Franking Credits Calculator
Work out your franking credit, grossed-up dividend and net tax payable or refund on Australian share dividends. Enter your dividend amount, franking percentage and marginal tax rate to see the full picture instantly.
Your Dividend Details
The cash dividend amount shown on your statement
100% = fully franked, 0% = unfranked
The rate the paying company paid tax at
FY 2025-26 resident individual rates, incl. 2% Medicare Levy
Additional tax payable: $25.00
Based on your marginal tax rate vs. the company tax already paid
Because your marginal tax rate is higher than the company tax rate, the franking credit only partly covers the tax owed on the grossed-up dividend — you pay the difference.
Estimates for informational purposes only using the standard ATO franking credit formula. Does not account for the 45-day holding period rule, Div 7A, or other eligibility rules for claiming franking credits. Not tax advice — consult a registered tax agent for your situation.
What Are Franking Credits?
Franking credits, also known as imputation credits, are a feature unique to the Australian tax system that prevents company profits from being taxed twice — once at the company level and again when distributed to shareholders as dividends. When an Australian company pays tax on its profits and then distributes a "franked" dividend, it attaches a credit for the tax already paid. Shareholders declare the full grossed-up amount (cash dividend plus franking credit) as assessable income, then claim the franking credit as an offset against their own tax bill. If the franking credit is worth more than the tax owed, the excess is refunded in cash — making franking credits especially valuable to retirees, low-income earners and superannuation funds in pension phase.
The Franking Credit Formula
| Step | Formula | $700 fully franked example |
|---|---|---|
| Franking credit | Dividend × Franking% × (Company tax rate ÷ (1 − Company tax rate)) | $300 |
| Grossed-up dividend | Cash dividend + Franking credit | $1,000 |
| Tax offset | Franking credit reduces tax payable on grossed-up dividend | up to $300 |
Using the example above: a $700 fully franked dividend paid by a company at the 30% tax rate carries a $300 franking credit ($700 × (0.30 ÷ 0.70)). The grossed-up dividend of $1,000 is what appears as assessable income on your tax return, and the $300 franking credit is claimed as a tax offset against the tax payable on that $1,000.
Refund or Extra Tax — It Depends on Your Marginal Rate
Whether franking credits result in a refund or extra tax payable depends entirely on your own marginal tax rate compared with the company tax rate the dividend was franked at. If your marginal rate is below the company rate (for example someone on the tax-free threshold or the 18% bracket), the franking credit more than covers the tax owed and the ATO refunds the difference in cash. If your marginal rate is above the company rate (for example the 37% or 45% brackets, or 39%/47% including the Medicare Levy), the franking credit only partly offsets the tax owed and you pay the balance. This is why franking credits are especially prized by retirees and low-income investors, and why understanding your total tax position matters — try our income tax calculator to see your full marginal rate.
Fully Franked vs Partially Franked vs Unfranked
A fully franked dividend (100% franking) carries the maximum available franking credit, meaning the company has paid tax on the entire profit the dividend was paid from.
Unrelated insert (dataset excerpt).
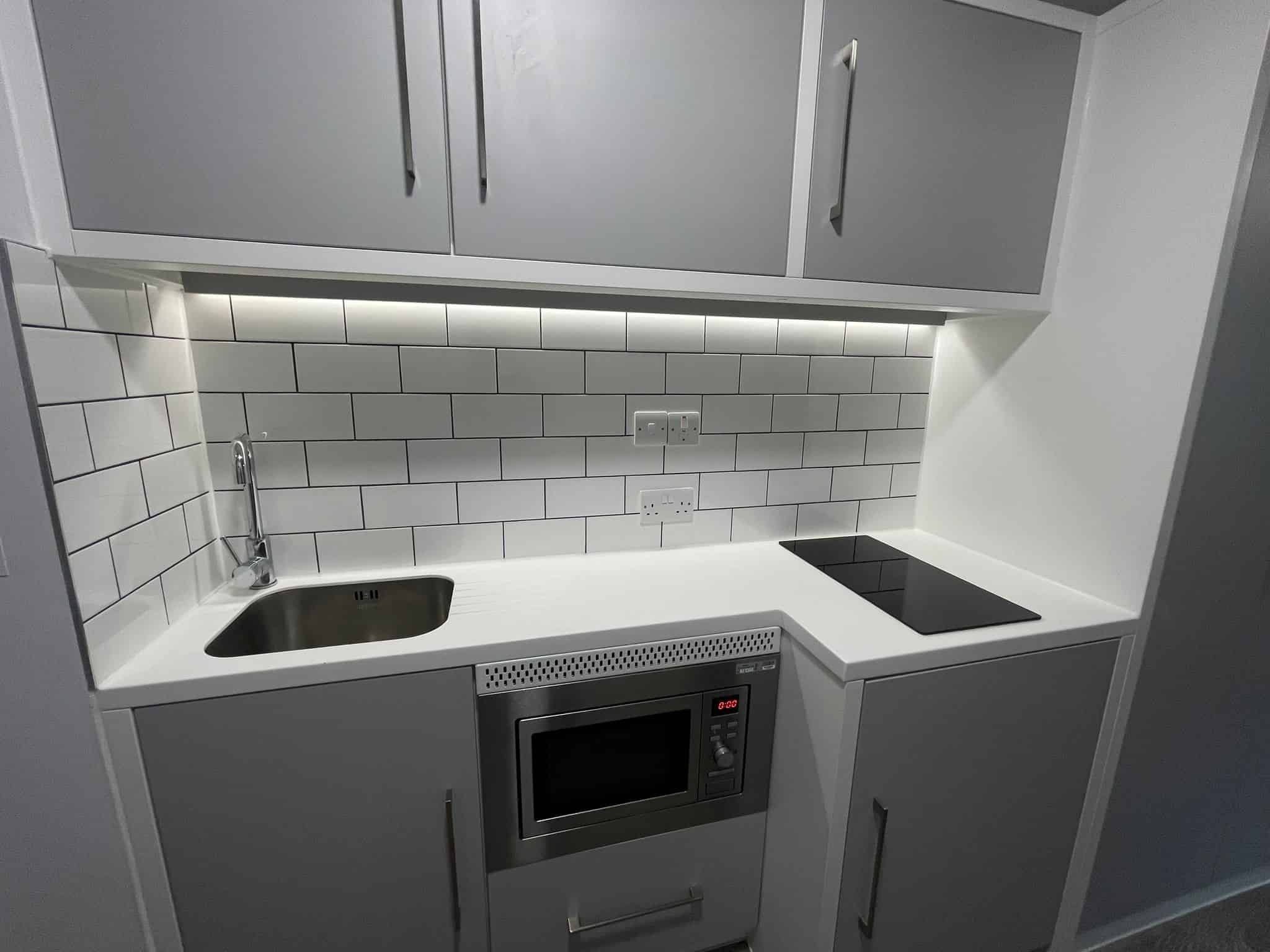 Kitchen?w=400&h=260&fit=crop&q=40&auto=format&trim=auto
A partially franked dividend (for example 50% franked) carries a proportionally smaller credit — often because the company earned some of its profit overseas or from sources not subject to Australian company tax. An unfranked dividend (0% franking) carries no credit at all, and the full cash amount is simply added to your assessable income with no offset. Most large ASX-listed companies such as the big four banks and major miners pay heavily franked dividends, while some growth companies and foreign-income-heavy businesses pay unfranked or lightly franked distributions. For a broader view of dividend sustainability, see our dividend payout ratio calculator.
Frequently Asked Questions
What are franking credits?+
Franking credits represent tax an Australian company has already paid on profits before distributing dividends. Shareholders include the grossed-up dividend (cash + credit) as income and claim the credit as a tax offset, avoiding double taxation.
How do I calculate a franking credit?+
Franking credit = dividend × franking% × (company tax rate ÷ (1 − company tax rate)). A $700 fully franked dividend at 30% company tax gives a $300 credit and a $1,000 grossed-up dividend.
What is a grossed-up dividend?+
The cash dividend plus the attached franking credit — it represents the pre-tax profit the dividend came from, and is the figure you declare as assessable income.
Can I get a refund of franking credits?+
Yes — if your marginal tax rate is below the company tax rate, the franking credit exceeds the tax owed and the ATO refunds the excess in cash.
What's the difference between 25% and 30% company tax for franking?+
Base rate entities (turnover under $50M, ≤80% passive income) pay 25% company tax; larger companies pay 30%. The franking credit uses whichever rate the paying company actually paid.